If Carol gets mad at Frank for something she thought he said, rather than something he actually did say, then the conflict is essentially a lie. It's cheap. It's empty-calorie conflict: no nutritional value. Now, if Carol gets mad at Frank for something he said but didn't mean, that's another story, because whether or not he meant something, he still made the choice to say it, thus Carol is angry with Frank's choices. What you have is a clash of beliefs or ideologies. Carol's either mad at what Frank is expressing or just the fact that he would say such a thing, whether he meant it or not. Either way, her anger is based on something real, not a bad game of telephone.

Some writers try to handwave this by having the offender try to explain to the misinformed and fail. For instance, Frank tries to explain that he never said what Carol's friend told her he said, but then Carol refuses to listen to his explanation or even hear him out at all. Or she's being so irrational about the whole thing,Frank decides he doesn't owe her any explanations, and refrains from clearing things up on principle. And the truth is cockblocked, sustaining the false conflict.

Right about this time, you want to throw your remote at the TV, and with good reason. Because on some level, no matter if it's a sitcom, no matter how wacky or comical the characters, at the end of the day, we want to invest in what's going on, and we can't if we don't respect the characters. I challenge any of you to respect someone who's acting like a tool.

To prove that I'm capable of seeing the good as well as the bad, I'd like to offer an example of a show that more often than not gets it right. Tonight on Parenthood, the character of Haddie was talking with her boyfriend, Alex, who is nineteen, about going to her junior prom. He didn't look thrilled with the idea. Now, since this exchange occurred within the first five or so minutes of the episode, I immediately clenched, but rather than waste an hour dragging out this fairly stupid problem, they dealt with it right then and there. Rather than have Alex dig in his heels about how stupid he thinks prom is and how he really, really doesn't want to go, he expresses the point once, and upon Haddie explaining how much she's looking forward to it, decides that a few hours of bad punch and overplayed music, while not his first choice for a Saturday night, is hardly worth taking a stand against.

This frees us up for the actual plot, Haddie's parents worrying about her possibly having sex on prom night, especially given how much older Alex is. Double-interesting because Haddie is a level-headed girl who's not the type to be talked into anything she doesn't want to do, and her parents genuinely like Alex. This now creates two legitimate conflicts, Haddie's parents dealing with the possibility of her becoming sexually active and, what for me is the far more interesting and on-theme dilemma, her mother trying to figure out how to deal with this situation and how to be a good parent without her daughter hating her, resenting her, or otherwise finding her lame... if that's even possible.

Mmm... that was tasty. False conflict, not so much.

So, to all my fellow writers out there, a word of advice and caution. Sometimes our characters are petty people who make petty choices. Sometimes the stay of execution arrives too late. Sometimes Romeo drinks the poison.
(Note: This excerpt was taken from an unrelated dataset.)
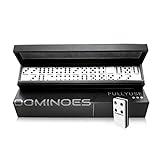 Fullyuse Dominoes Set for Adults - Double six Professional Dominos with Spinners and Leather Storage Case, Classic Black and White Tiles with Acrylic Tiles Jumbo Size 4 Layers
Sometimes people don't articulate everything as well as they probably could, and it creates a huge clusterfuck of fail. That's life. But life is not fiction, so be careful how you pick and choose when to use false conflict, because, sure, you might keep your story going. People might stick with it to see how it ends, but they'll probably be so pissed off at either you or the characters, that they won't be coming back for the next one.

Do us all a favor. Don't be a lazy fuck. Real conflict. Write it.